And I cried. And cried. And realized I didn’t want a new car, I wanted the old one, forever, and I wanted the time back that we had in it. I wanted to relive it all again.

As a week went by, I stared  out the window at the new car in the driveway, wondering if it would ever feel like me, if I would ever feel like myself in it.
As I came out of the grocery store to get in it, I was impressed by the way I could swoop my foot under the back and it would open for me, but it felt like it was too much, too fancy, not me. Strangely, I missed fidgeting with the back door to get it to open, remembering exactly when it broke.
Although this car was still 10 years old, it felt far too much for me. 

I longed for the simple.

I got home, wiped the tears from my eyes, and unloaded groceries with my son who had come out to help.  “Mom! I decided for sure that I am going to buy the old car from you. I am so excited. Let’s take it out the canyon and up over the hill for a ride. I’ll drive.”

I dropped the groceries on the counter and grabbed the keys (real keys, not an electronic fob) and off we went, he in the driver's seat, and the groceries left to put away later.

As he drove, he began to tell me all about the adventures he was going to take that car on, what he was going to do to modify it, and how excited he was.

As town grew smaller in the rearview and the pavement turned to dirt, I started to catch the vision.
With windows down, the smell of pine trees filled the cab and all we could see were mountains for miles. Shared music blasted through the canyon until it was turned down just slightly as he shared his heart about life, friends, and more.

He finally said, “Mom, this car isn’t going anywhere. You can drive it anytime you want, and you can ride with me all the time! You aren’t losing something; you are just gaining something else. And your new car is cool and you are going to love it. Give it a chance.” 

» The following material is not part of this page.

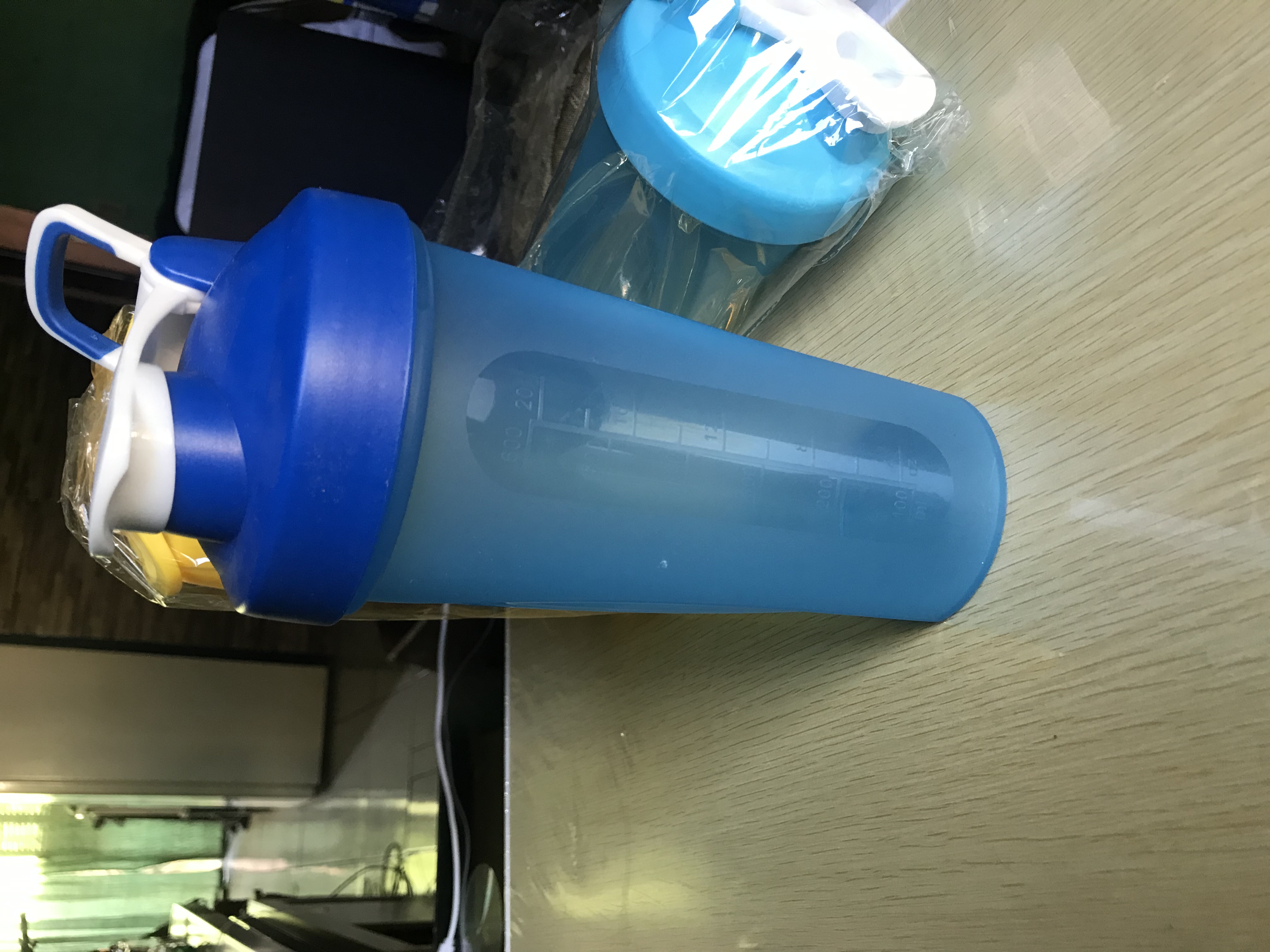 Botella Mezcladora Deportiva con Tapa Hermética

And it struck me. He was right.
The passing of time is not the losing of one thing, it is the gaining of another.
All the years and memories in that car were just the beginning.
We had so many more to build, in this car, and that one.  

The yearning to re-live the old memories threatened to rob me of the joy of creating new ones.
But the truth is, as time passes, we can carry the amazing memories we have into the next season, where we will add new to the old.

This is not an easy season, this season where I am living in the tension of holding onto the old and embracing the new; where laughter and tears exist at the same time, and mourning and celebrating seem so intertwined.

For now, I will turn off the AC I so desperately wanted and roll the windows down, letting the dust from the dirt roads settle over the newness, in hopes that, as it starts to feel a little more lived in, new memories will start to grow, and the new car will start to feel a little bit more like me.